Bharbhunja Hindu

Regions with significant populations
- • India • Nepal

Languages
- • Hindi

Religion
- • Hinduism 100%

Related ethnic groups
- • Bharbhunja Muslim • Kandu

= Bharbhunja (Hindu) =

Hindu caste found in North India and Maharashtra

The Bharbhunja are an occupational caste found in North India and Maharashtra. They are also known as Kalenra in Maharashtra. A small number are also found in the Terai region of Nepal.

== Origin ==
The Bharbhunja derive their name from the Hindi word bhun (भुन), which means parch, and the Bharbhunja community was involved with the occupation of parching grain.

The Bharbhunja were said to have originally belonged to the Agarwal caste, but split off from them when they took to parching grain. There is no intermarriage between the two communities now. The majority of the Bharbhunja are Hindu, except a section in Gujarat and Uttar Pradesh, who form a separate community of Muslim Bharbhunja. A small number reside in Punjab and Haryana. Those in Haryana and Punjab speak Punjabi.
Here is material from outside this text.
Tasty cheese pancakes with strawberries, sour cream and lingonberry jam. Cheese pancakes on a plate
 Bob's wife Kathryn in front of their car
In Maharashtra, there are three distinct communities of the Bharbhunja, the Bhad Bhunjari, the Pardeshi Bhunjari and the Bhoi Bhunjari. All the three groups claim their origin from different regions, with Bhad Bhunjari claiming their origin from Gujarat, the Pardeshi from Madhya Pradesh, and the Bhoi from Rajasthan. Each of these groups is endogamous, and do not intermarry. They are also separated by language, with the Bhad Bhunjari still speaking Gujarati, while the other groups speak Marathi. The Bharbhunja are now found mainly in the districts of Nasik, Pune, Thane, Ahmednagar and the city of Mumbai.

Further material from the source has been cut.